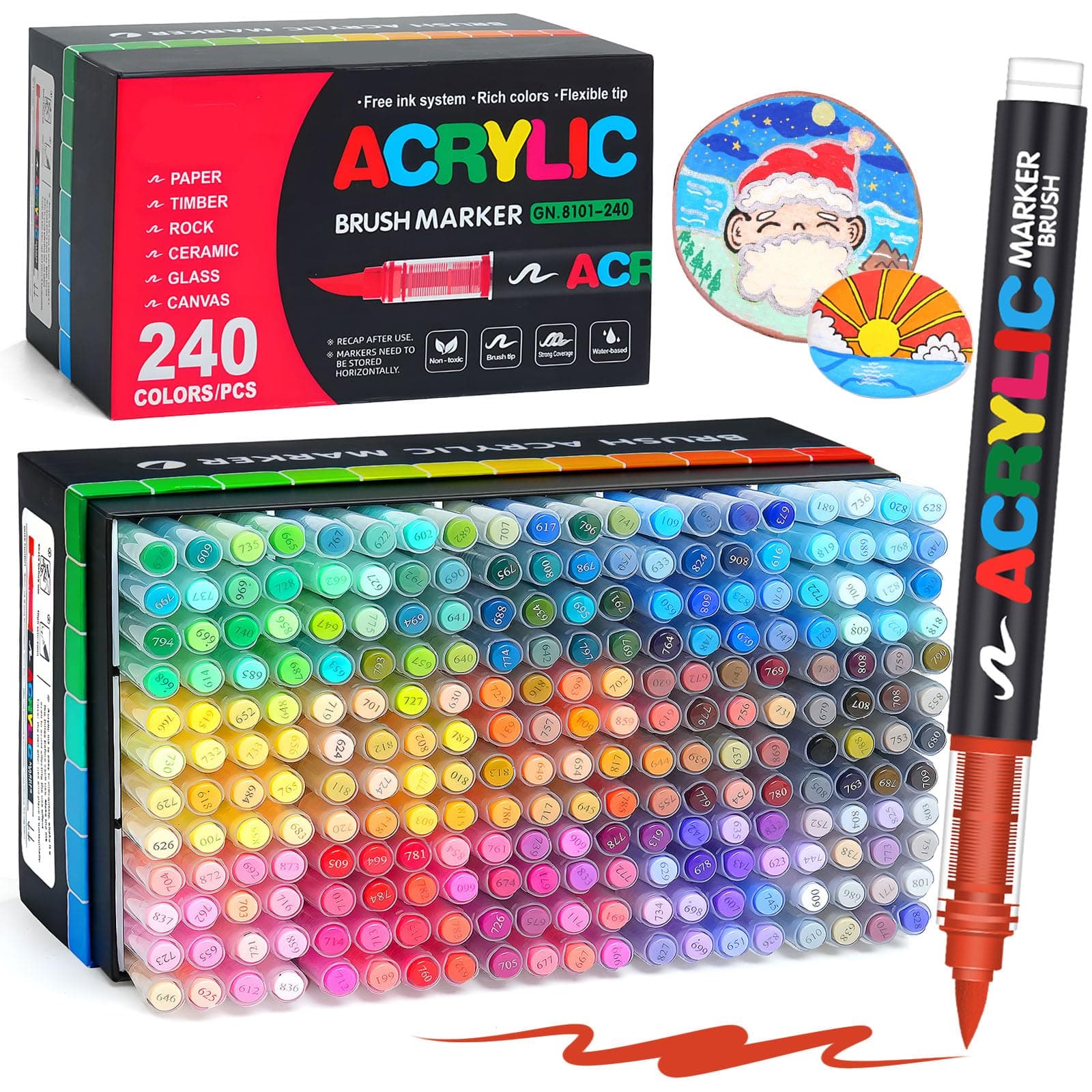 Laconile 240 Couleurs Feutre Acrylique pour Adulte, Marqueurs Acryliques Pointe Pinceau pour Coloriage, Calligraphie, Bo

= = = =

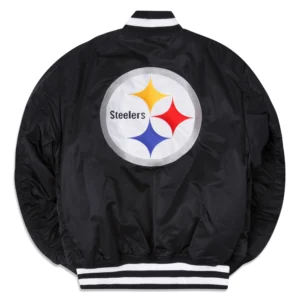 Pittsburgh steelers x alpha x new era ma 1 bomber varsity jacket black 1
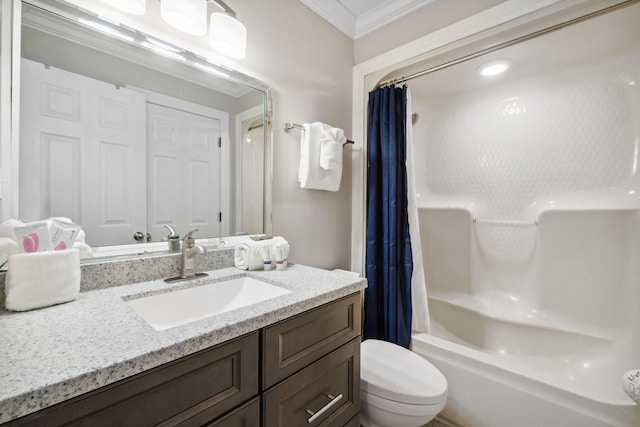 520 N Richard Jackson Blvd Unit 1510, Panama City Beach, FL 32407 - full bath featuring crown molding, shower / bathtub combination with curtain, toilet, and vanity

= = = =

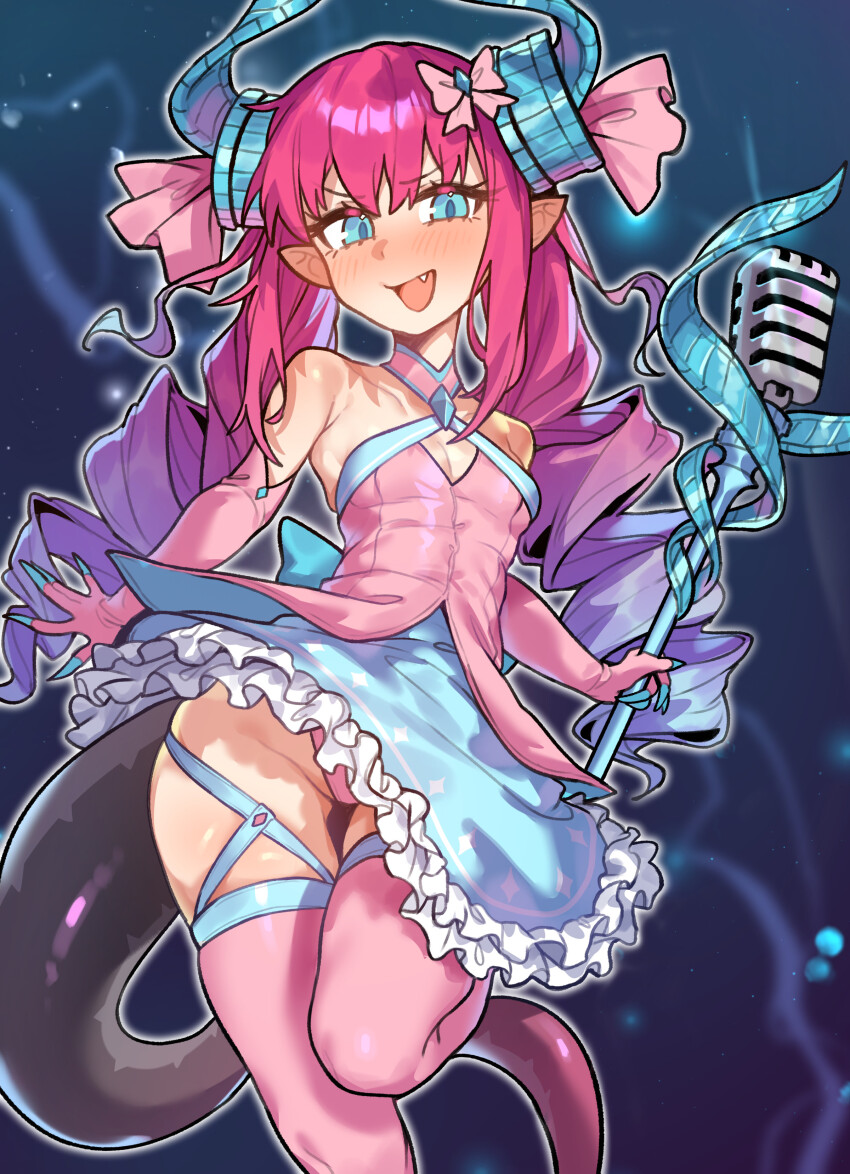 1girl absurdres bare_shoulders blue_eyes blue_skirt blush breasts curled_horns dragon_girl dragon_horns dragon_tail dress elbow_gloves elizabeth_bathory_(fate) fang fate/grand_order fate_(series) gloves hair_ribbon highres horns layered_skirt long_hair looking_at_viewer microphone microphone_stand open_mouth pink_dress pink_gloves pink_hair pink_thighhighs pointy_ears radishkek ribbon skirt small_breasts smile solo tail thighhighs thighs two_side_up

= = = =

Keep to the lines above from the line with "Pittsburgh steelers x" to the line with "520 N Richard", and set down exactly those, inclusive, with nothing else and every picture left out.

Answer area:
 Pittsburgh steelers x alpha x new era ma 1 bomber varsity jacket black 1
 520 N Richard Jackson Blvd Unit 1510, Panama City Beach, FL 32407 - full bath featuring crown molding, shower / bathtub combination with curtain, toilet, and vanity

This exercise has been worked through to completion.